▶ _MATERIAL PROVIDED_
****************

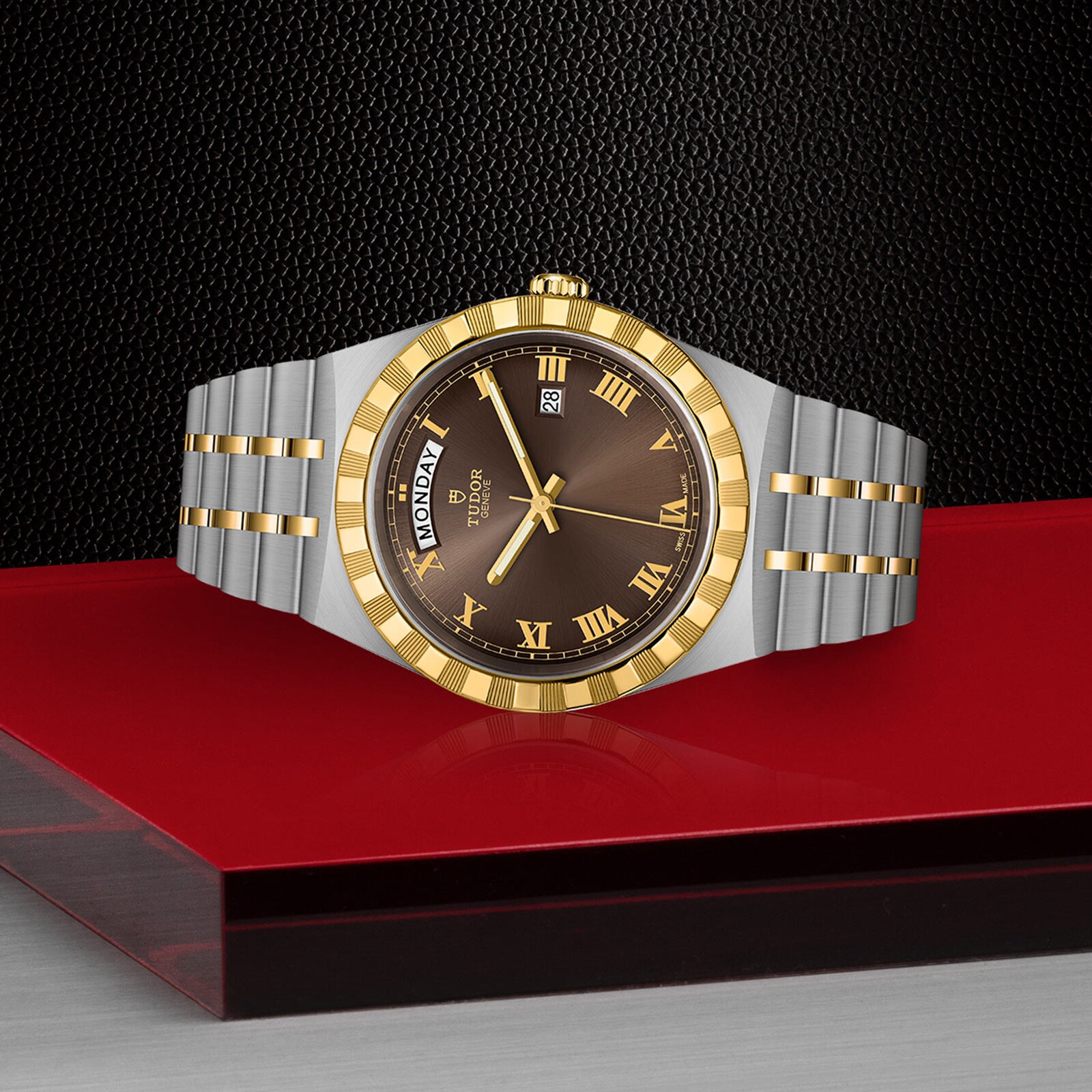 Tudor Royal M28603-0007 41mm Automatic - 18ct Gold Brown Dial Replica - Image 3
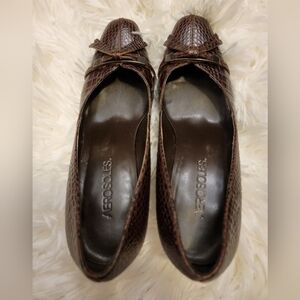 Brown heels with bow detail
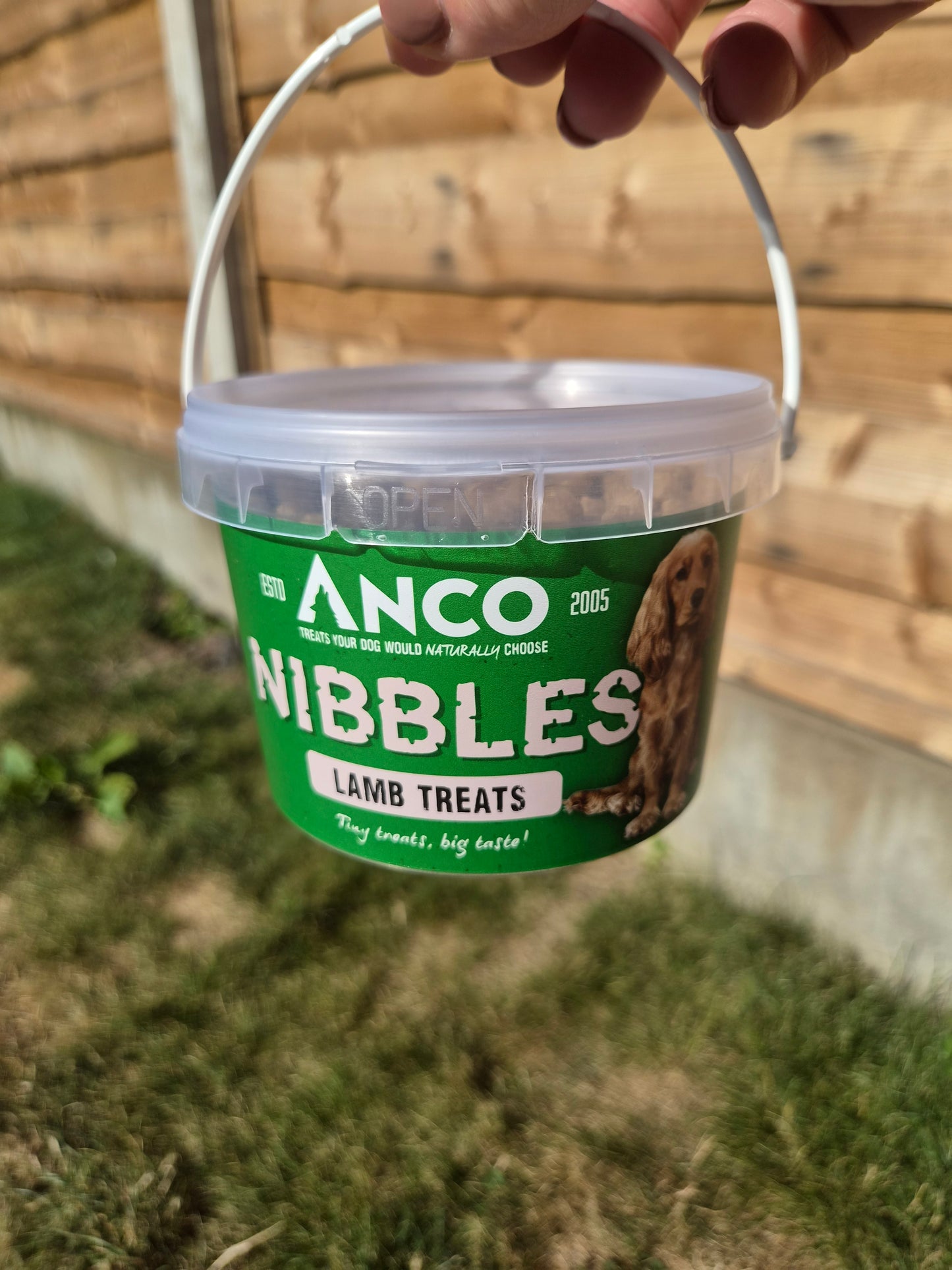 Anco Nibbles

****************

▶ _WORK INSTRUCTIONS_
An exact copy of the material above is required, free of any pictures.

▶ _TASK RESPONSE_
 Tudor Royal M28603-0007 41mm Automatic - 18ct Gold Brown Dial Replica - Image 3
 Brown heels with bow detail
 Anco Nibbles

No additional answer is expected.